Meeting John Marin in 1929 and painting on fishing trips with him came at a perfectly timed moment in Higgins’s life. He was already moving toward simplification, and he enjoyed watercolor as much as oil. There is a pronounced kinship between Higgins’s watercolors and those Marin did in New Mexico in their reduction and calligraphic symbolism. One would be at a loss, however, to separate the influence and determine whose was more powerful, for Higgins was in his own habitat and had a staccato style before he met Marin. Of the early Taos artists, Higgins alone excelled in watercolors. He made many contributions to American art that were varied and commanding, but none were more so than his watercolors, which add greatly to the American history of the medium and yet have received less than ‘their rightful recognition. The older Higgins grew, the more he was able to do with the least means. He developed private schema for pine trees, clouds, earth, and adobes that rank him with Charles Burchfield in creative expression in watercolor. Winter Funeral is perhaps Higgins’s best known oil. Below the greenish gray Taos mountains on the snow covered mesa, the funeral is made to seem pathetically unimportant and small when compared to the large scale of the setting. It is a lonely, harsh, and haunting scene-a complete statement that stands as one of the finest paintings in the history of American landscape. It also marks, for Higgins, an end to the figure in landscape and the beginning of landscape for its own sake, something the other artists in Taos did not paint with the same concentration. In addition to his landscapes, Higgins shared two other interests with the work of Cezanne. One was the introduction of still lifes, especially flowers on slightly tilted tabletops, and the other was figure studies, done in the studio, whose power rests on design and abstraction. Victor Higgins had a distinguished career.

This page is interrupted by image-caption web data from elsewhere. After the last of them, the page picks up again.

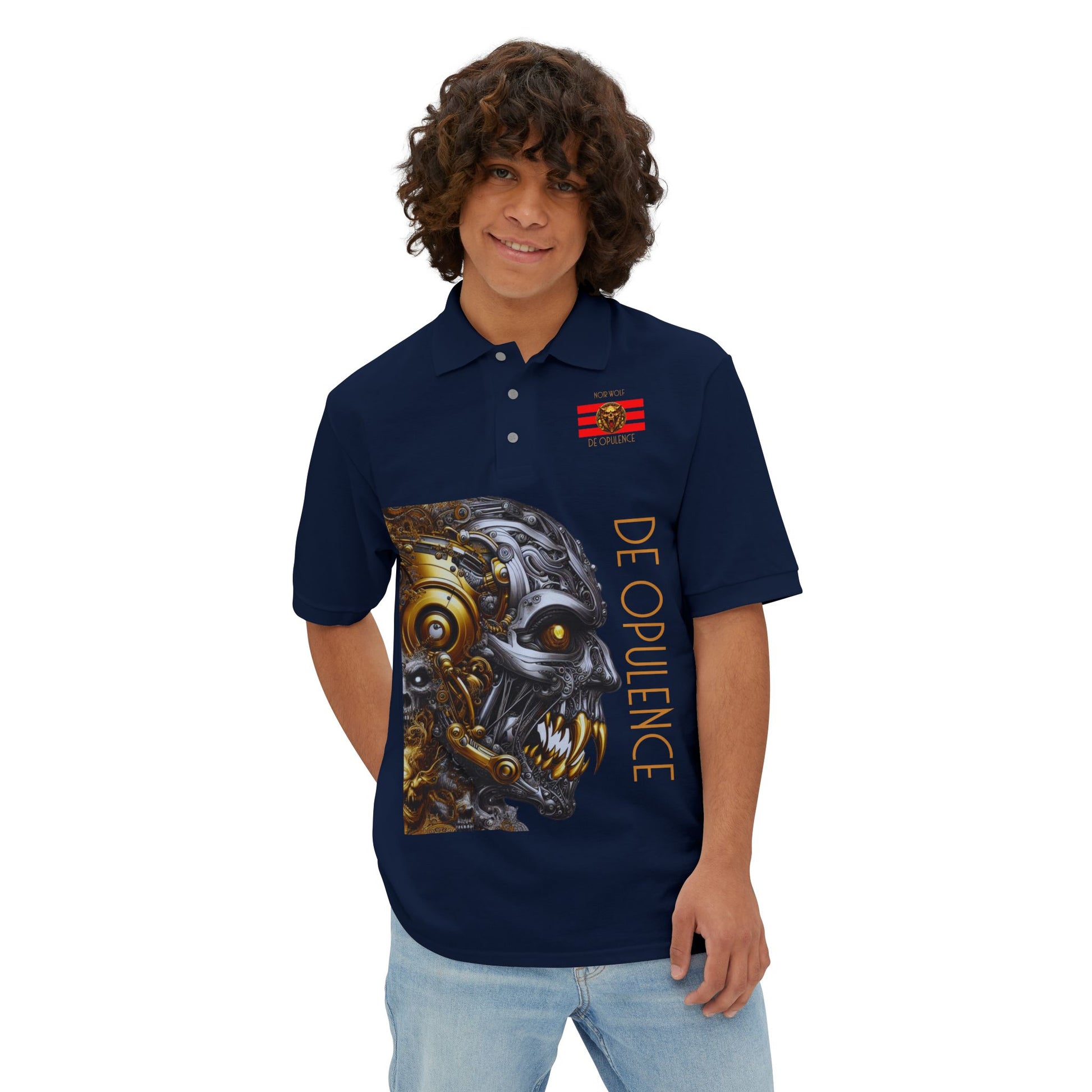 Men's Piqué Polo De Opulence by Noir Wolf the style of grace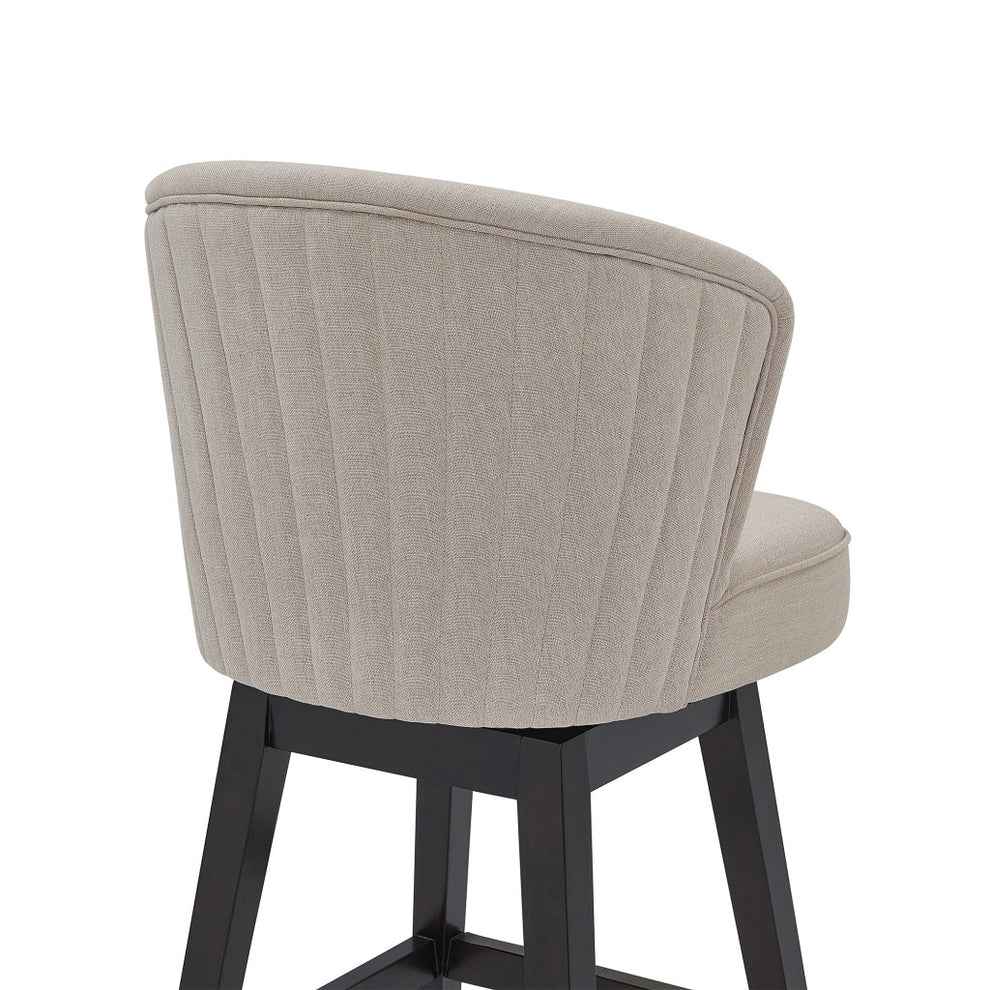 26" Tan Espresso Wood Fabric Swivel Bar Stool By Homeroots | Bar Stools | Modishstore - 7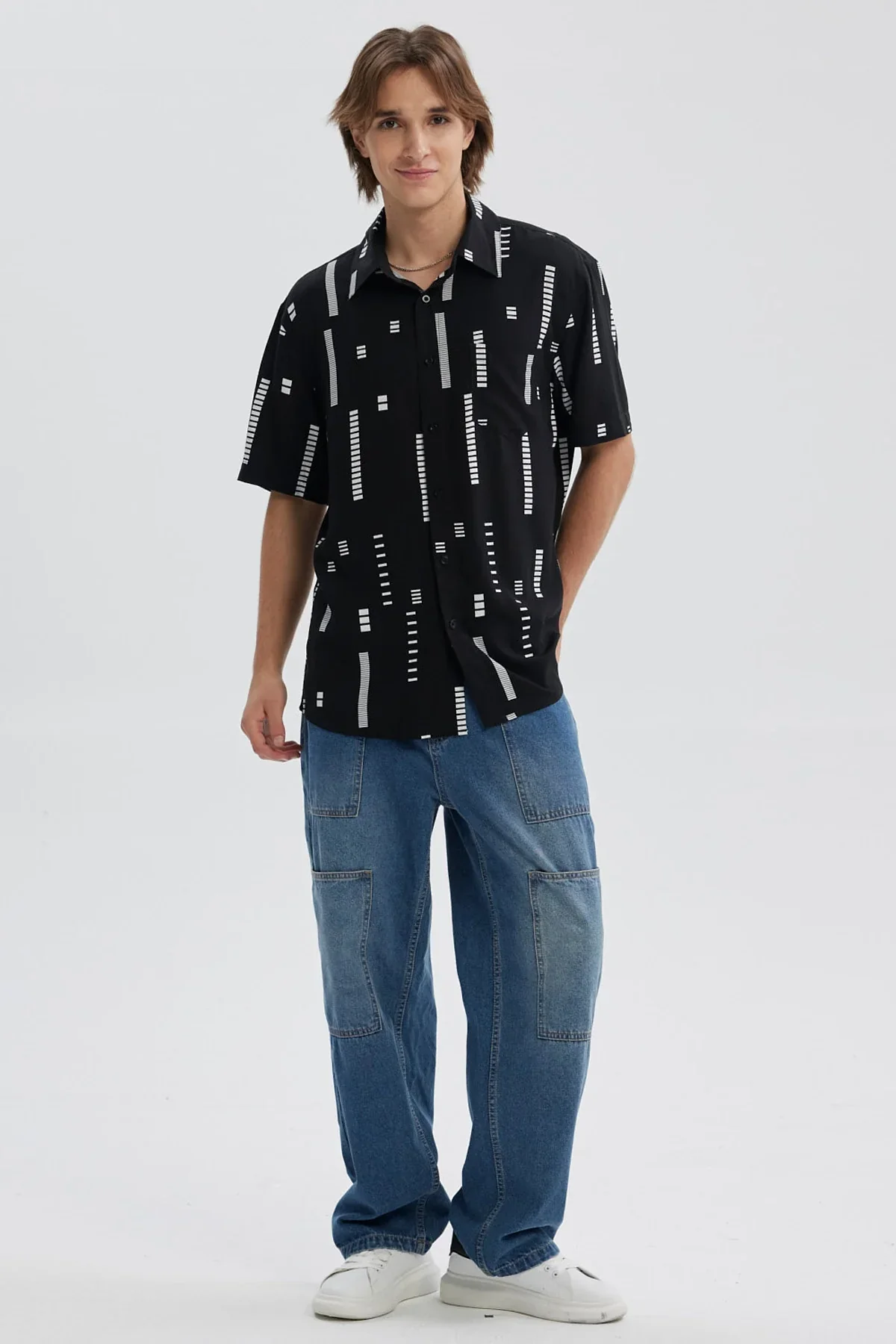 Camisa Hombre Full Print Negro - Image 4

In 1921 he was elected an Associate of the National Academy of Design after winning many major prizes in Chicago and New York. He was one of the Taos artists asked to paint murals for the State Capitol of Jefferson City, Missouri. In 1935 he was elected to full membership in the National Academy. His sales were not so steady as some of the other artists in Taos, but he aligned himself with a shrewd Chicago dealer who once had his work placed in some new homes and made a major sale, for which Higgins received a check for over $10,000.
He participated less in exhibitions in his later years. Although he did not achieve the popular success accorded to Couse, Sharp, Blumenschein, and Ufer, he did enjoy esteem from the art community. In the last five years of Victor Higgins ‘s life, from the mid to the late ’40s, he did a series of fresh, small landscapes that synthesized his proficiency with the brush and his intensified vision: These are called his ” Little Gems” and were noted by Ernest Blumenschein in the introduction to Bickerstaff’s book: “His last group of pictures I shall never forget. They were done on sketching trips around Taos Valley and in the Rio Grande Canyon. In them was the best Higgins quality, a lyrical charm added to his lovely color. His art had developed in [an] intellectual side through his adventure with Dynamic Symmetry and other abstract angles. Not that he used mechanical formulas. He always had, as do most good artists, an instinct that guided his form structure… and he put all he had into this dozen of small canvases. They must have been about eighteen wide by ten inches high. All works of love; love of his simple subjects and of his craftsmanship. These pictures had the ‘extra something’ that the right artist can put into his work when he is ‘on his toes.’ ” The “Little Gems” have become the most sought after of Higgins’s work. Not just once but time after time he created paintings with economy and power, about which a viewer could truthfully say there isn’t a stroke out of place or unnecessary to the whole.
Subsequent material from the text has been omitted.